The period following Russia’s full-scale invasion of Ukraine on 24 February 2022 produced a distinctive governance pattern: the most consequential institutional responses to the aggression were delivered not through universal multilateral organs but through mini-lateral formats—the NATO–Ukraine Council, the network of bilateral security agreements initiated under the G7 Vilnius Declaration, and the oil price-cap coalition. This article treats these three formats as the central objects of analysis rather than as incidental features of a broader order narrative. Drawing on the literatures on mini-lateralism and on procedural legitimacy in international institutions, the article develops a comparative procedural framework—ten institutional dimensions applied across the three cases—and a legitimacy-deficit diagnostic that maps seven criteria onto empirical evidence.
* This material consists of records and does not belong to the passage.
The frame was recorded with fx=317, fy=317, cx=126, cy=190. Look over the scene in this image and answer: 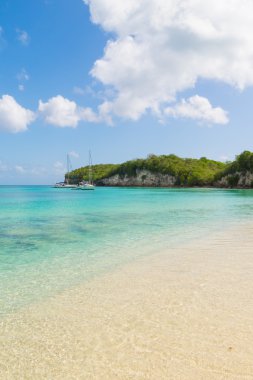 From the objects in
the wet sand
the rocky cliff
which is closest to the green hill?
the rocky cliff

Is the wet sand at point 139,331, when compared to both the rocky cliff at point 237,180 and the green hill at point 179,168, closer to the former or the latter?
the rocky cliff at point 237,180

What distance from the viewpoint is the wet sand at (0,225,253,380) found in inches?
140

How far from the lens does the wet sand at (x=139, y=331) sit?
3545 millimetres

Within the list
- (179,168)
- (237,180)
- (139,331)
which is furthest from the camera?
(179,168)

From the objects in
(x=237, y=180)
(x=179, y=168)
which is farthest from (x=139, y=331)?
(x=179, y=168)

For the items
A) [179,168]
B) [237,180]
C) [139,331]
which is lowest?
[139,331]

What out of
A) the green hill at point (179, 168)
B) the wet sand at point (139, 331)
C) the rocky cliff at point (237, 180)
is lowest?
the wet sand at point (139, 331)

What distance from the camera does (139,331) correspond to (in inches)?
176

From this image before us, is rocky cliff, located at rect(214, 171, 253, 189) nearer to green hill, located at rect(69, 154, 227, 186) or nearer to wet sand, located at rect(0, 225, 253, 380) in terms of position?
green hill, located at rect(69, 154, 227, 186)

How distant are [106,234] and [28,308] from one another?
9137mm

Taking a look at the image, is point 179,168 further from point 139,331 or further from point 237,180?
point 139,331

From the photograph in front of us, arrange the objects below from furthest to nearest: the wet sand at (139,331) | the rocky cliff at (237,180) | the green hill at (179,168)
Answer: the green hill at (179,168) → the rocky cliff at (237,180) → the wet sand at (139,331)

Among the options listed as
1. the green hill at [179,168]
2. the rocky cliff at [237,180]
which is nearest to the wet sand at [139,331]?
the rocky cliff at [237,180]

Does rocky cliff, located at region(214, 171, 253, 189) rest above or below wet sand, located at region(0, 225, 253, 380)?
above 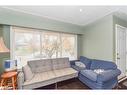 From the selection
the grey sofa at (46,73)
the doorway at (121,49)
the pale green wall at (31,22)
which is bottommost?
the grey sofa at (46,73)

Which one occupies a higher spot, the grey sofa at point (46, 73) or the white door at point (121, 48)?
the white door at point (121, 48)

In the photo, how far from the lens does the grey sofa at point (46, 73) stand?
2.22 metres

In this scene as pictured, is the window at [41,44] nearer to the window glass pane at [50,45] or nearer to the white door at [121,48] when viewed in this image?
the window glass pane at [50,45]

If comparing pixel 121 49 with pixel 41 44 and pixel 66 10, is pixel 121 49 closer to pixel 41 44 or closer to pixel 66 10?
Result: pixel 66 10

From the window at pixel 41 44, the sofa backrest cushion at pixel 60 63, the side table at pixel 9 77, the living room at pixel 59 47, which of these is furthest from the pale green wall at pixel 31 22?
the side table at pixel 9 77

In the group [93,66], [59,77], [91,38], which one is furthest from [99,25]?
[59,77]

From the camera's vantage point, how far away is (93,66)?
326 cm

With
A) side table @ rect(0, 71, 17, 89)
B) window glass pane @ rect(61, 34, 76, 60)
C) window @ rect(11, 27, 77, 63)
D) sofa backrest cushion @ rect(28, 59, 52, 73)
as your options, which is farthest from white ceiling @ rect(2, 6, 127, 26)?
side table @ rect(0, 71, 17, 89)

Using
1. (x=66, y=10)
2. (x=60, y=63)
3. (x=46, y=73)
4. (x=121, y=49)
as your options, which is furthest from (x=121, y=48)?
(x=46, y=73)

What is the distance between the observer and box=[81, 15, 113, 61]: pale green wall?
9.89 ft

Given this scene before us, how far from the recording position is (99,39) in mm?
3457

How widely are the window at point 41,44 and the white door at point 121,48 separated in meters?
1.73

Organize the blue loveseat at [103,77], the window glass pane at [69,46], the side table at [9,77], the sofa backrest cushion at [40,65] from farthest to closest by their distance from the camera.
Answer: the window glass pane at [69,46] → the sofa backrest cushion at [40,65] → the blue loveseat at [103,77] → the side table at [9,77] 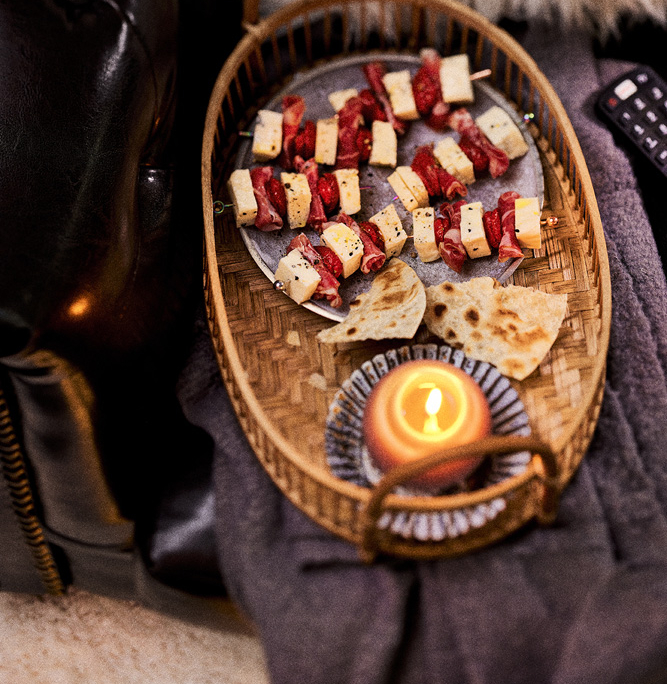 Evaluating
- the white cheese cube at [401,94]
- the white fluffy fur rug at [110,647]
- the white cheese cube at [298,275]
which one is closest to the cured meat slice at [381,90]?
the white cheese cube at [401,94]

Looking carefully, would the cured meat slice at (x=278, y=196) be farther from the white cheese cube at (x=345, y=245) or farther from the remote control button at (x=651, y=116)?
the remote control button at (x=651, y=116)

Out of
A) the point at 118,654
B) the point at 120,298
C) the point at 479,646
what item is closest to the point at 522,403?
the point at 479,646

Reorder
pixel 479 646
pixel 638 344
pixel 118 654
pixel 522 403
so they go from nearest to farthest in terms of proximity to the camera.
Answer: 1. pixel 479 646
2. pixel 522 403
3. pixel 638 344
4. pixel 118 654

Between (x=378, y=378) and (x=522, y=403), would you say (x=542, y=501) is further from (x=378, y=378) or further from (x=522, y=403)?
(x=378, y=378)

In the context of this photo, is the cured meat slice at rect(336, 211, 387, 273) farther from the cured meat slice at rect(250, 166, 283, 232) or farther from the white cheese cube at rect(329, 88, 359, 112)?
the white cheese cube at rect(329, 88, 359, 112)

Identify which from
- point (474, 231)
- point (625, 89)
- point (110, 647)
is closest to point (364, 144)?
point (474, 231) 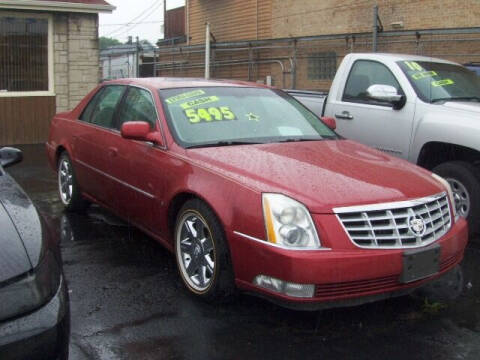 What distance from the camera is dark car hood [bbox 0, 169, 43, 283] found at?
254 centimetres

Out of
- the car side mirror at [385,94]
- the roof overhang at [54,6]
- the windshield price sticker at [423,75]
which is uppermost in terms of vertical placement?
the roof overhang at [54,6]

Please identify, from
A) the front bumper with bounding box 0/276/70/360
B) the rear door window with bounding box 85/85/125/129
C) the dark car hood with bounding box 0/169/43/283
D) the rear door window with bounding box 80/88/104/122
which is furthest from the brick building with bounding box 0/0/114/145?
the front bumper with bounding box 0/276/70/360

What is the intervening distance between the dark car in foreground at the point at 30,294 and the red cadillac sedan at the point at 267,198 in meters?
1.17

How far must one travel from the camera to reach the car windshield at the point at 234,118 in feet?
14.6

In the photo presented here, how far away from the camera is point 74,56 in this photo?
11.7 metres

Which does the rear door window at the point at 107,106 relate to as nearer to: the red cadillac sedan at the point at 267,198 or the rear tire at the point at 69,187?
the red cadillac sedan at the point at 267,198

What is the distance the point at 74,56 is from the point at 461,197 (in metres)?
8.70

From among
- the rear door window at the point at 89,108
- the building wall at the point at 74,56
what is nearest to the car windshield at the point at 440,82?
the rear door window at the point at 89,108

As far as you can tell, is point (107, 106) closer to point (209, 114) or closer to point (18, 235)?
point (209, 114)

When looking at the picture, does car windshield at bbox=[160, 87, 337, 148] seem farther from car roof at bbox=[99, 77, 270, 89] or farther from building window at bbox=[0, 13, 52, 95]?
building window at bbox=[0, 13, 52, 95]

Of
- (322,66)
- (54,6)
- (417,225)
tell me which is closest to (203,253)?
(417,225)

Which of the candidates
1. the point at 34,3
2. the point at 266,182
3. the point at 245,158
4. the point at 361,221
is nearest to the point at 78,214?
the point at 245,158

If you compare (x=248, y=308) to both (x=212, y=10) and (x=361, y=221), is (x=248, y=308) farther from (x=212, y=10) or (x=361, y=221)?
(x=212, y=10)

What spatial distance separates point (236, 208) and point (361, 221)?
756 mm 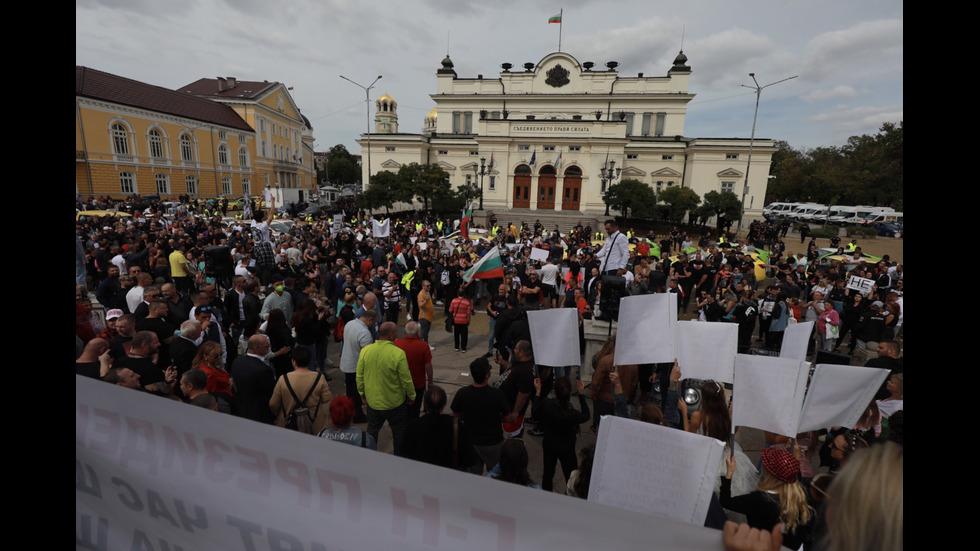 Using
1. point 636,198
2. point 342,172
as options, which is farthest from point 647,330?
point 342,172

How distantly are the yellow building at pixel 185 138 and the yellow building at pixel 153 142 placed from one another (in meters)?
0.08

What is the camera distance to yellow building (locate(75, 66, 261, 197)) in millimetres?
36125

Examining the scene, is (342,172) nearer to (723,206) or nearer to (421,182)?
(421,182)

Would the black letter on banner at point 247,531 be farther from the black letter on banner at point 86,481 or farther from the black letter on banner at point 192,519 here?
the black letter on banner at point 86,481

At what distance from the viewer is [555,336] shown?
4.76m

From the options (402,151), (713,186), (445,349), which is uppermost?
(402,151)

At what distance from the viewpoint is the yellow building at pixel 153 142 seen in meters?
36.1

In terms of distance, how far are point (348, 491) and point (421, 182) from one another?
121 feet

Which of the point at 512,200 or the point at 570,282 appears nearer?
the point at 570,282

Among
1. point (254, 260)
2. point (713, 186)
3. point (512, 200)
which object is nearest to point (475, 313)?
point (254, 260)

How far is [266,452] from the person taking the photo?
1965 mm

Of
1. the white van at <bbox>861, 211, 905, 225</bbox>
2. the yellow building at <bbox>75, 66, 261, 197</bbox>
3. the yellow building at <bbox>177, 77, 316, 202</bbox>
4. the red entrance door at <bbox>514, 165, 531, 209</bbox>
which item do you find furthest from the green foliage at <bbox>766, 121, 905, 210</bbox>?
the yellow building at <bbox>75, 66, 261, 197</bbox>

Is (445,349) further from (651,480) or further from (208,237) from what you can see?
(208,237)

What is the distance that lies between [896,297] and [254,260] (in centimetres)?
1414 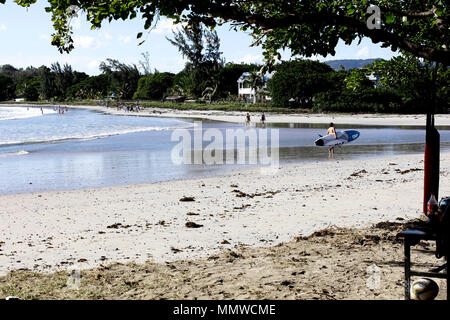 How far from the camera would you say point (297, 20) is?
204 inches

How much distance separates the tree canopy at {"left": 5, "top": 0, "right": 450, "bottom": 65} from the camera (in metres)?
5.16

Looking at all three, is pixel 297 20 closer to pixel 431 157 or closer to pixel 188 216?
pixel 431 157

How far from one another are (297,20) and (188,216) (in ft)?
21.0

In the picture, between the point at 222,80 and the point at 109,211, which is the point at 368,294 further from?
the point at 222,80

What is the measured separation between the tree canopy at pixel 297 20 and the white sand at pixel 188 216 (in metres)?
3.31

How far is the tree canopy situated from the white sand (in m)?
3.31

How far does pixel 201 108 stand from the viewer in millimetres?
93062

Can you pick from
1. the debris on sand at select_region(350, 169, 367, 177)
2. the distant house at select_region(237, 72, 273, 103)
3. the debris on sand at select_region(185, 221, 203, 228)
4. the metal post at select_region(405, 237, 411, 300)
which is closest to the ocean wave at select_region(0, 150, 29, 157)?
the debris on sand at select_region(350, 169, 367, 177)

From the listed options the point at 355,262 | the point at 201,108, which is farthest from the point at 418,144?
the point at 201,108

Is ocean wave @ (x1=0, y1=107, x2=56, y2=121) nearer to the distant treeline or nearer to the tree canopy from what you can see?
the distant treeline

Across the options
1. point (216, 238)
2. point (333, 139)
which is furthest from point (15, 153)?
point (216, 238)

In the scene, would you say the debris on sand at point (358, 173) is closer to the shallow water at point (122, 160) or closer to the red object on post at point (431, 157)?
the shallow water at point (122, 160) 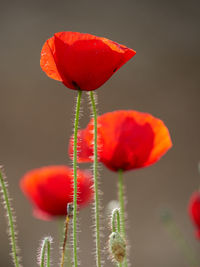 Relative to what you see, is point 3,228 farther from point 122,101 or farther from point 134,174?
point 122,101

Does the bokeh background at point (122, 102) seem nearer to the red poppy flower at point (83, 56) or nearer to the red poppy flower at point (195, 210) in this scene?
the red poppy flower at point (195, 210)

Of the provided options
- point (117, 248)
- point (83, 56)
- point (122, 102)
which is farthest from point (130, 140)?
point (122, 102)

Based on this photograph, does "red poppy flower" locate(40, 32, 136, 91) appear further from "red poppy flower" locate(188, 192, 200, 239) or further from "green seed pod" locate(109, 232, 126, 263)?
"red poppy flower" locate(188, 192, 200, 239)

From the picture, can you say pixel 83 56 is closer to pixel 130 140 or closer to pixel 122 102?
pixel 130 140

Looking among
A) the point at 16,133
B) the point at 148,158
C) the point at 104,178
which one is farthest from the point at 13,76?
the point at 148,158

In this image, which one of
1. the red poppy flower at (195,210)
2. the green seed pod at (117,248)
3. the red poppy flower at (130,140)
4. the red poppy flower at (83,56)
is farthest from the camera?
the red poppy flower at (195,210)

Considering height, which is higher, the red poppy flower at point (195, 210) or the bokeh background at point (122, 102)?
the bokeh background at point (122, 102)

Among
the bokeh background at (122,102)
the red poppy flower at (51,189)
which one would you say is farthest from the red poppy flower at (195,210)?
the bokeh background at (122,102) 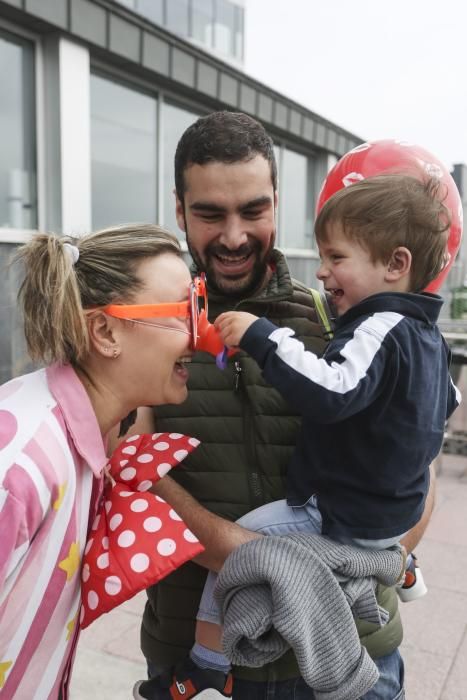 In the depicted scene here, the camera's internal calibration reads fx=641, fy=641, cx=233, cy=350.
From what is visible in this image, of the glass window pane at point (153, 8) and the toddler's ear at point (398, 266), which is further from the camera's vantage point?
the glass window pane at point (153, 8)

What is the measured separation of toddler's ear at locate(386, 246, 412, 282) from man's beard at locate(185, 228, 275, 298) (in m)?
0.41

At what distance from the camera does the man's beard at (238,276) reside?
78.0 inches

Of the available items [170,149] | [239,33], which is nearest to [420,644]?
[170,149]

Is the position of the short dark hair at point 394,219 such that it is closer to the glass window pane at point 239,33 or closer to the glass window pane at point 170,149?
the glass window pane at point 170,149

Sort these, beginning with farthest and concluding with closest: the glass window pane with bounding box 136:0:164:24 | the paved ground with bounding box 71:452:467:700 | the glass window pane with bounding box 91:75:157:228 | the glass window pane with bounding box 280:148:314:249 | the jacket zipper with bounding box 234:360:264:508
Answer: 1. the glass window pane with bounding box 136:0:164:24
2. the glass window pane with bounding box 280:148:314:249
3. the glass window pane with bounding box 91:75:157:228
4. the paved ground with bounding box 71:452:467:700
5. the jacket zipper with bounding box 234:360:264:508

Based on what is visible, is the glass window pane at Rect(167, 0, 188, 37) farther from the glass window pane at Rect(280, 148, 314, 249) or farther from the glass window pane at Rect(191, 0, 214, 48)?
the glass window pane at Rect(280, 148, 314, 249)

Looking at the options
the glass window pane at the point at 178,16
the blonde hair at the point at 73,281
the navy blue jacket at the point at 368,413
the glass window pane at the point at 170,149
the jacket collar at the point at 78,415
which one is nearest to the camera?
the jacket collar at the point at 78,415

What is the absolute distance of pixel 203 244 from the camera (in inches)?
78.8

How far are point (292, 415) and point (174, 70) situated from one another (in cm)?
656

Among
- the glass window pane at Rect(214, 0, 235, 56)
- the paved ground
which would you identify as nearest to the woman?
the paved ground

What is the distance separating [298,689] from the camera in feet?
5.80

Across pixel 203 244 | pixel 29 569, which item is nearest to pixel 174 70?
pixel 203 244

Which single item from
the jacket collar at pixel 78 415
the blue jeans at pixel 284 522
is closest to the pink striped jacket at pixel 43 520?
the jacket collar at pixel 78 415

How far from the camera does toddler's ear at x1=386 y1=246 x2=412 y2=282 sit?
70.4 inches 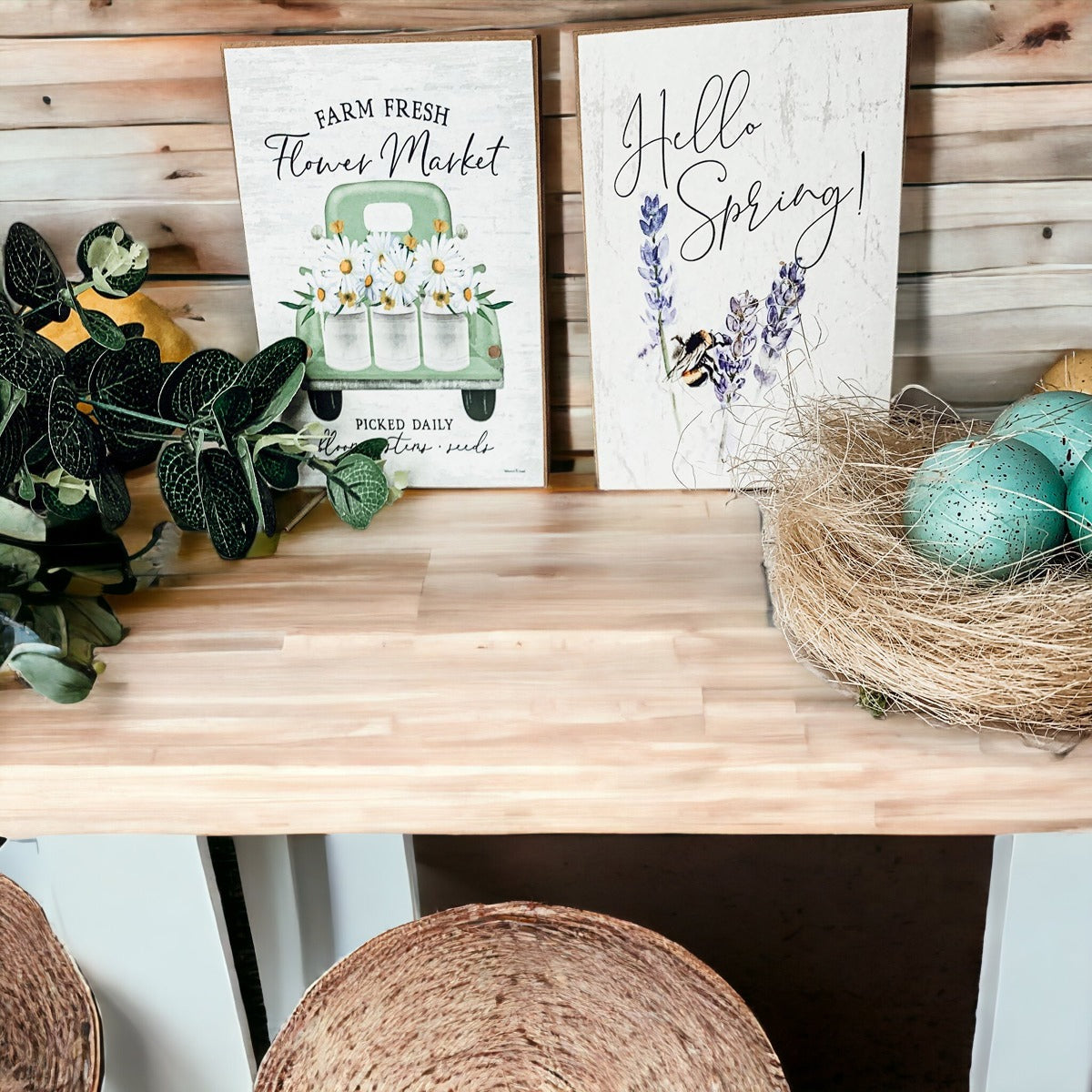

The analysis demonstrates that post-2022 mini-lateralism resolved the problem of operational speed and coherence but generated a systematic procedural legitimacy deficit concentrated on contestability and revisability, not on publicity or Charter anchoring. If left unaddressed, this deficit risks converting coalition instruments from expressions of international law into preferences of a bloc.

Keywords: minilateralism; procedural legitimacy; NATO–Ukraine Council; bilateral security agreements; oil price cap; coalition governance; post-2022 international order.